▸ **Recorded data**
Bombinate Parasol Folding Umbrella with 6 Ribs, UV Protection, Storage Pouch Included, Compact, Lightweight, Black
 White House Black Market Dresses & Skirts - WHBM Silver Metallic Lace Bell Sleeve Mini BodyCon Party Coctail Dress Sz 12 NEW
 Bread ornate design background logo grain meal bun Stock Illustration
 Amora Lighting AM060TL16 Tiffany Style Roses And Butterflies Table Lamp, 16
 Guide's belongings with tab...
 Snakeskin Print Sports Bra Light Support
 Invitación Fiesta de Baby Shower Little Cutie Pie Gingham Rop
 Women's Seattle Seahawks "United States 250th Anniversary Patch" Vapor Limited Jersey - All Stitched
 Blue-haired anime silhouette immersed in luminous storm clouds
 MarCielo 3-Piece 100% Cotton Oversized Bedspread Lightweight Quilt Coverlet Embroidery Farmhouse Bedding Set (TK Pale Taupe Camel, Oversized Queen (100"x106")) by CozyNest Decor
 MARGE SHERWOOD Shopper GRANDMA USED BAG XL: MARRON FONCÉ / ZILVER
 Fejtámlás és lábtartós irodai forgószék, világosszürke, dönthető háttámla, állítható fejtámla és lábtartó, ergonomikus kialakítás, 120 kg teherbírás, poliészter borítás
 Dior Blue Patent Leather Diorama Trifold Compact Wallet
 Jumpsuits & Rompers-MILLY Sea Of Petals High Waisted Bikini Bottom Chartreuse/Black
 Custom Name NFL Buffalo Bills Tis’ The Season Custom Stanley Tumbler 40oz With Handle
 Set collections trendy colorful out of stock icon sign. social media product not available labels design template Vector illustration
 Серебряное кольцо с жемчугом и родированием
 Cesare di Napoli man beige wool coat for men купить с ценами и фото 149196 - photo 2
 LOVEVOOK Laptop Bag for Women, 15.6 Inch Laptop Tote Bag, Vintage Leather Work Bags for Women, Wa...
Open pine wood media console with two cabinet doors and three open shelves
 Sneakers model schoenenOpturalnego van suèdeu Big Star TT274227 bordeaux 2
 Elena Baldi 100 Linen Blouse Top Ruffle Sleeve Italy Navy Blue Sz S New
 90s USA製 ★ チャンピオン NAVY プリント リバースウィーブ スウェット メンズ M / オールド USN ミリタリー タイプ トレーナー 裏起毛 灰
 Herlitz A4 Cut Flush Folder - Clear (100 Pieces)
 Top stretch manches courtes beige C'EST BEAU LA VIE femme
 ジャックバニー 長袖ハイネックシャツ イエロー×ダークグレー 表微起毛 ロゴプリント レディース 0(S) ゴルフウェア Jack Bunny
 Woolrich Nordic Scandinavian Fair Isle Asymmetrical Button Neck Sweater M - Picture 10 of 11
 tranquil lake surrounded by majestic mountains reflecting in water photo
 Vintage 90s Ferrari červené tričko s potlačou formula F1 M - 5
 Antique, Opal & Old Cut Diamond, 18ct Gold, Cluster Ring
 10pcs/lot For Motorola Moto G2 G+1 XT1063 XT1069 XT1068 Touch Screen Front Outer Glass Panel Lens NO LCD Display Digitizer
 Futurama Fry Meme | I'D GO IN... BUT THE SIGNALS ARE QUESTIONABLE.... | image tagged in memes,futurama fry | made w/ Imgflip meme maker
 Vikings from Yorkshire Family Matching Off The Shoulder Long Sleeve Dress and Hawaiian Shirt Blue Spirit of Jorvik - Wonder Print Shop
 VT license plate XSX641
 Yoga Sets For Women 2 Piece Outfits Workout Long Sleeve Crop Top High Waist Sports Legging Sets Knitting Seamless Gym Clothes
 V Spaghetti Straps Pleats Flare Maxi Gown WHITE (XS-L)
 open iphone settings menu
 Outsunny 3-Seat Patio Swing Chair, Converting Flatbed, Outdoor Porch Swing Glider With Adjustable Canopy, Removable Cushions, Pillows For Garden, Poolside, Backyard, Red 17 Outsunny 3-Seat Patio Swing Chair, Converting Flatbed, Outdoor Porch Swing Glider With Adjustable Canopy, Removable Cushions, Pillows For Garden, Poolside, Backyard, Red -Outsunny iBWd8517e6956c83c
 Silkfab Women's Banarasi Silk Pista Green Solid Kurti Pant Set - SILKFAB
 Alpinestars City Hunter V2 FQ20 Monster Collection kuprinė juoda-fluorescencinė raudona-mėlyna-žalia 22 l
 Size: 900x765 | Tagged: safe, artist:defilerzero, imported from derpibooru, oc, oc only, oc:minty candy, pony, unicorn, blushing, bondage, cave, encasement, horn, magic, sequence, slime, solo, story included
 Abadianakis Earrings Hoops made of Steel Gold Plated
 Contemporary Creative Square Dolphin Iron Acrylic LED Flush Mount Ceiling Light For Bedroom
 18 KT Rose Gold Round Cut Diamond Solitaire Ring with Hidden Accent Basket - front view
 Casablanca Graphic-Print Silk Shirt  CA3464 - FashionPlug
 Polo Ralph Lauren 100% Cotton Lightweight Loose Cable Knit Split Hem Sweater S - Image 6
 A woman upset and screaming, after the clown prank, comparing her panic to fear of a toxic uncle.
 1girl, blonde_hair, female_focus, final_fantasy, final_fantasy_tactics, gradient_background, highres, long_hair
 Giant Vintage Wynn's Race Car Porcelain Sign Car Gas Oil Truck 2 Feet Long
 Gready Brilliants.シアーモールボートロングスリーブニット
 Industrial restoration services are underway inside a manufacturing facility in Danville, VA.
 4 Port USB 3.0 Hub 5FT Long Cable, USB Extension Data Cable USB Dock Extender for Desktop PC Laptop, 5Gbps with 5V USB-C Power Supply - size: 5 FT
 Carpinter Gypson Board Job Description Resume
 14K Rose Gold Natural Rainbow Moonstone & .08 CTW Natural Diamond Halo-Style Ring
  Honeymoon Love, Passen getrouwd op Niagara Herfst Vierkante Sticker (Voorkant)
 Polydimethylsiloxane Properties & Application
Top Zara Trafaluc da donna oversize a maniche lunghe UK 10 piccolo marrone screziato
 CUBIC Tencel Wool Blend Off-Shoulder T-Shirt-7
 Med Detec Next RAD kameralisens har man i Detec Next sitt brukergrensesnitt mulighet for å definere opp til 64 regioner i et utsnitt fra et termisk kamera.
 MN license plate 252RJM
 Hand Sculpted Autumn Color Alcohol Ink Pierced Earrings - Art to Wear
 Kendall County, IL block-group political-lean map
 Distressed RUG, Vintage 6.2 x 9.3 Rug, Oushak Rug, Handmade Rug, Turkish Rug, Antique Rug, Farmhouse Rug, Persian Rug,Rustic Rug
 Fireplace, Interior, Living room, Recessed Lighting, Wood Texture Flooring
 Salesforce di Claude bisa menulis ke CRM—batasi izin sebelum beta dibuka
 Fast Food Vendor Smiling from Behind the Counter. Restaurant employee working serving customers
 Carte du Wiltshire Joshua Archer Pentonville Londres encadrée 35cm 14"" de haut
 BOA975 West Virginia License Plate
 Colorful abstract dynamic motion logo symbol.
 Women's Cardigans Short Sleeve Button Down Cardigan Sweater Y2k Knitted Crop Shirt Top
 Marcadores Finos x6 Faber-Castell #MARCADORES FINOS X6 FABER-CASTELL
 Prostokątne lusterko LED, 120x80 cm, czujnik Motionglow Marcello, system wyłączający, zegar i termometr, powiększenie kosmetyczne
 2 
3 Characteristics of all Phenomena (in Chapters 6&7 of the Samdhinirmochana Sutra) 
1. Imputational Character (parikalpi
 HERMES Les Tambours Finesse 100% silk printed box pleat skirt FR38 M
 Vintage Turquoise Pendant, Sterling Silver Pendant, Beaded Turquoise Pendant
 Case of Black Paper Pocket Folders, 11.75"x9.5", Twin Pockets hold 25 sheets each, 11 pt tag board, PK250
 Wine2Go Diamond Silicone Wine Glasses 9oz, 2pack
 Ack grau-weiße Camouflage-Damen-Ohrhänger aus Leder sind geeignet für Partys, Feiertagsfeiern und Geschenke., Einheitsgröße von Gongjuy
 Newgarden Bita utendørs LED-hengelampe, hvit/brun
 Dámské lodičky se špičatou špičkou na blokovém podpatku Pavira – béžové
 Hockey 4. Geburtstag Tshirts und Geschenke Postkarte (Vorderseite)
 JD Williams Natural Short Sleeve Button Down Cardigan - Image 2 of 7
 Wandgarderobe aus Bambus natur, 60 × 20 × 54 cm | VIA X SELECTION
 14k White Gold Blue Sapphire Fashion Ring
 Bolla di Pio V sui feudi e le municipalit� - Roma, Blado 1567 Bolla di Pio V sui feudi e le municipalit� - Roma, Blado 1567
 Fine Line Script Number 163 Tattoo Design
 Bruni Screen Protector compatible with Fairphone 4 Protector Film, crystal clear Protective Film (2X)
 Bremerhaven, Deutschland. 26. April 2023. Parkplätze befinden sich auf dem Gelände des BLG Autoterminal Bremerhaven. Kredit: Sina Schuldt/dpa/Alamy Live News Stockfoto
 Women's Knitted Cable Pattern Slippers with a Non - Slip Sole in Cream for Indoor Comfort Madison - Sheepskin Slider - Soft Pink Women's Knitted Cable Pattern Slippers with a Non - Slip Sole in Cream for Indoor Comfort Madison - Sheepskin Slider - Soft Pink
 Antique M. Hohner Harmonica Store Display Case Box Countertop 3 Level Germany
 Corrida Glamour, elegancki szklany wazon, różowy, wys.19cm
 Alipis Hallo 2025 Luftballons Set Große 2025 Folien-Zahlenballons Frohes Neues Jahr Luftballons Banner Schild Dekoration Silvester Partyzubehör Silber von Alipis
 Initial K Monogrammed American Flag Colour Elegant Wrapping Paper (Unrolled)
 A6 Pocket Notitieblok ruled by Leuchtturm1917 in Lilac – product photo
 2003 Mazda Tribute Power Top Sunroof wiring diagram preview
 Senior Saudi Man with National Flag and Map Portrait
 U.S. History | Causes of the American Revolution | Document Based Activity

▸ **Problem requirements**
Each line in the data where the string "Women" occurs should be identified and copied.

▸ **Output of the exercise**
 Women's Seattle Seahawks "United States 250th Anniversary Patch" Vapor Limited Jersey - All Stitched
 LOVEVOOK Laptop Bag for Women, 15.6 Inch Laptop Tote Bag, Vintage Leather Work Bags for Women, Wa...
 Yoga Sets For Women 2 Piece Outfits Workout Long Sleeve Crop Top High Waist Sports Legging Sets Knitting Seamless Gym Clothes
 Silkfab Women's Banarasi Silk Pista Green Solid Kurti Pant Set - SILKFAB
 Women's Cardigans Short Sleeve Button Down Cardigan Sweater Y2k Knitted Crop Shirt Top
 Women's Knitted Cable Pattern Slippers with a Non - Slip Sole in Cream for Indoor Comfort Madison - Sheepskin Slider - Soft Pink Women's Knitted Cable Pattern Slippers with a Non - Slip Sole in Cream for Indoor Comfort Madison - Sheepskin Slider - Soft Pink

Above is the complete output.